Task instructions
Please output only the lines running from the one that contains "Frozen lake in" through the last line of the data below, exactly as they stand, with no pictures.

Input data
<<<<
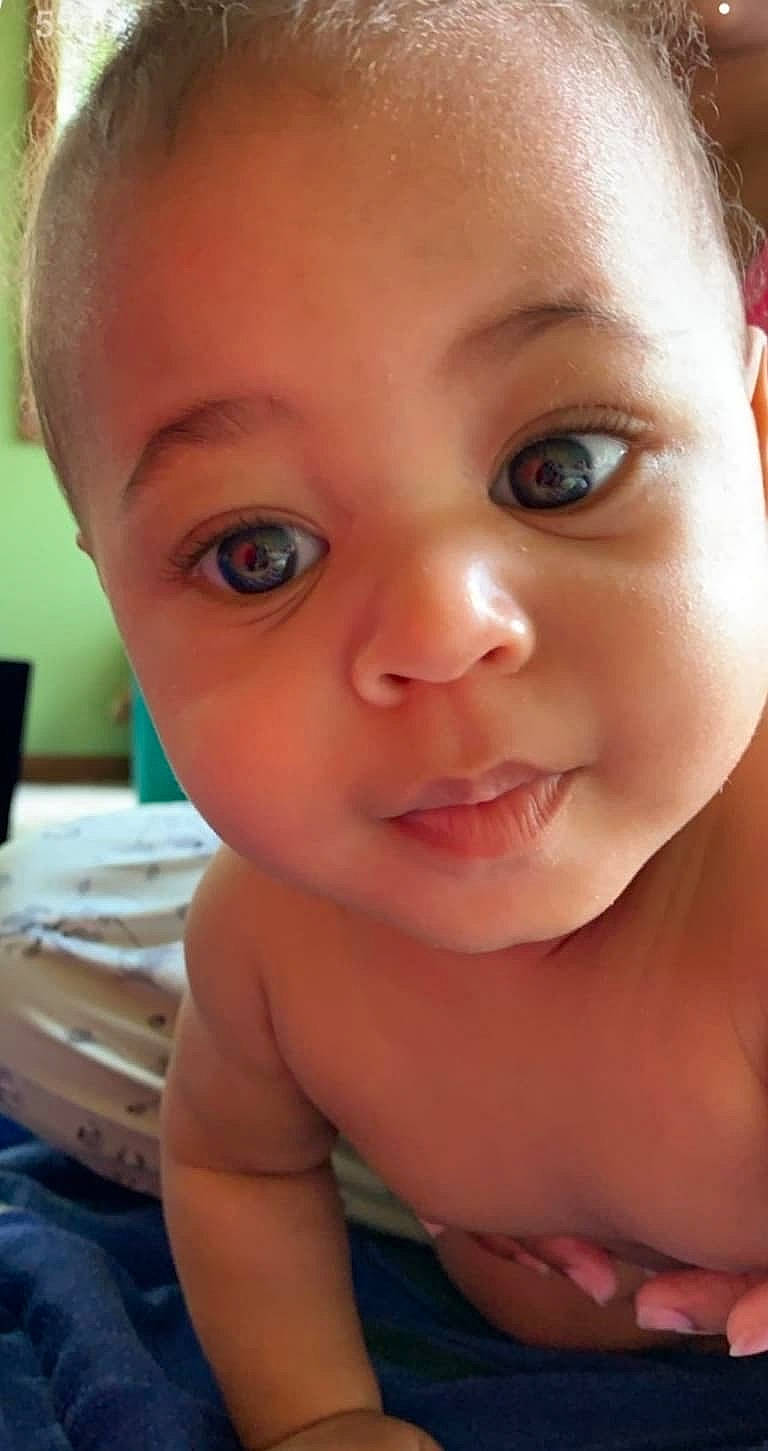 Brian is registered to the contest to win money with this photo: baby, baby_making_funny_faces, beauty, cheek, child, chin, close_up, eye, eyebrow, face, facial_expression, forehead, head, lip, mouth, nose, organ, person, skin, smile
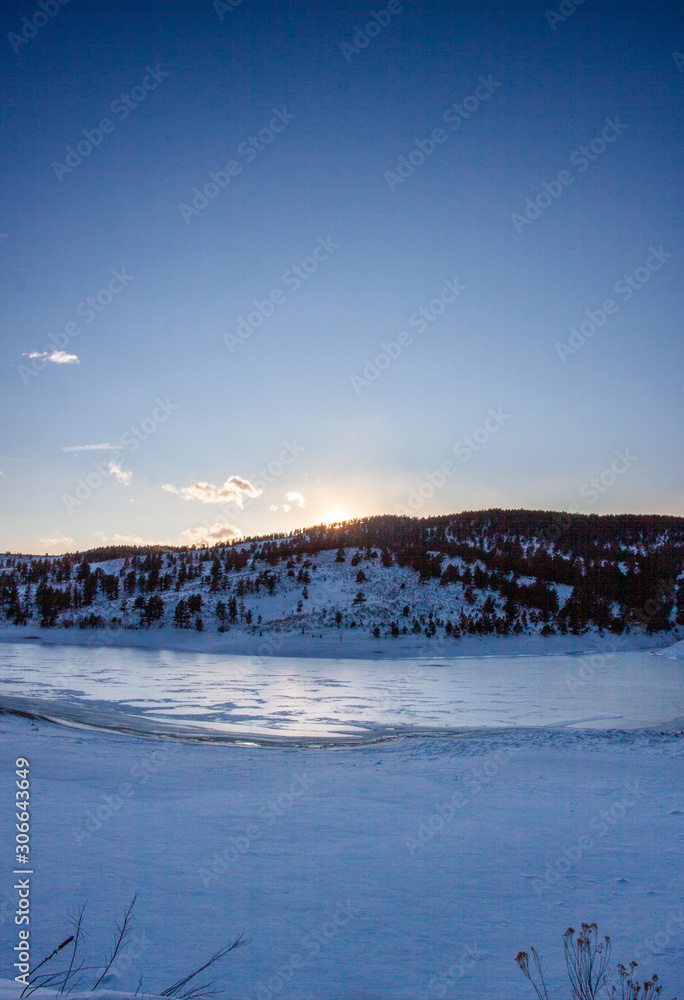 Frozen lake in the foothills of the Colorado Rockies just before sunset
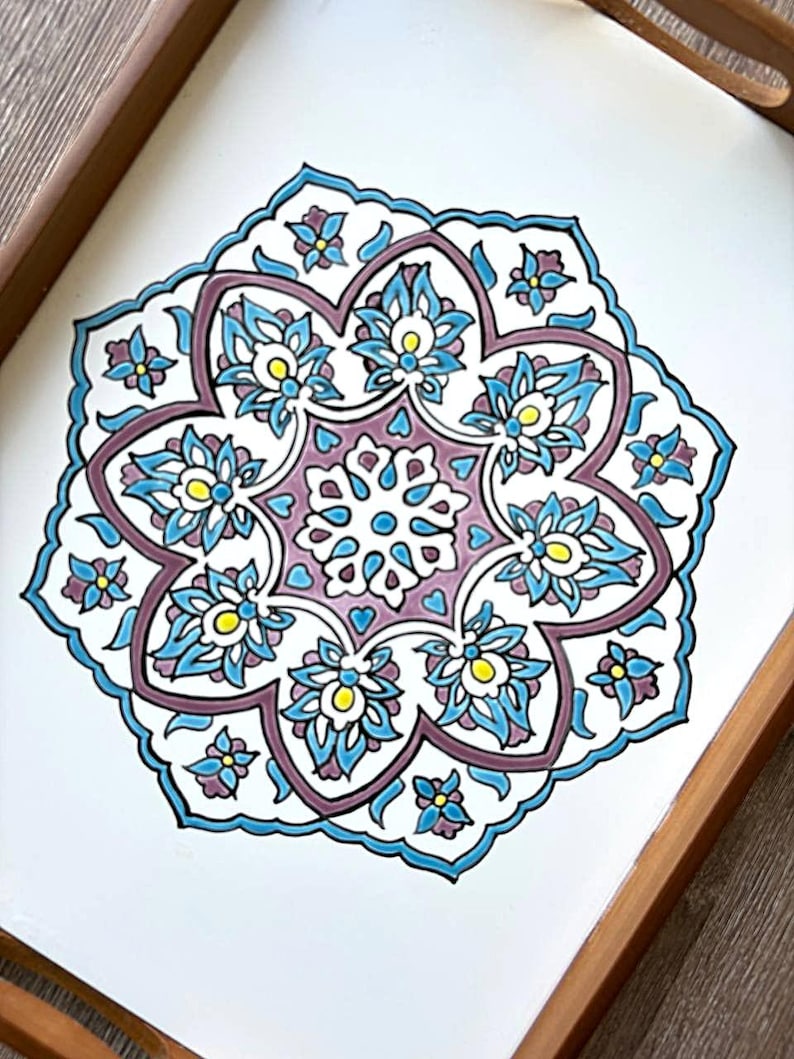May include: A decorative tray with a white surface and a detailed floral mandala design. The mandala features blue, purple, and yellow accents, framed by a wooden border. The floral pattern is symmetrical and intricate.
>>>>
Exercise answer
 Frozen lake in the foothills of the Colorado Rockies just before sunset
May include: A decorative tray with a white surface and a detailed floral mandala design. The mandala features blue, purple, and yellow accents, framed by a wooden border. The floral pattern is symmetrical and intricate.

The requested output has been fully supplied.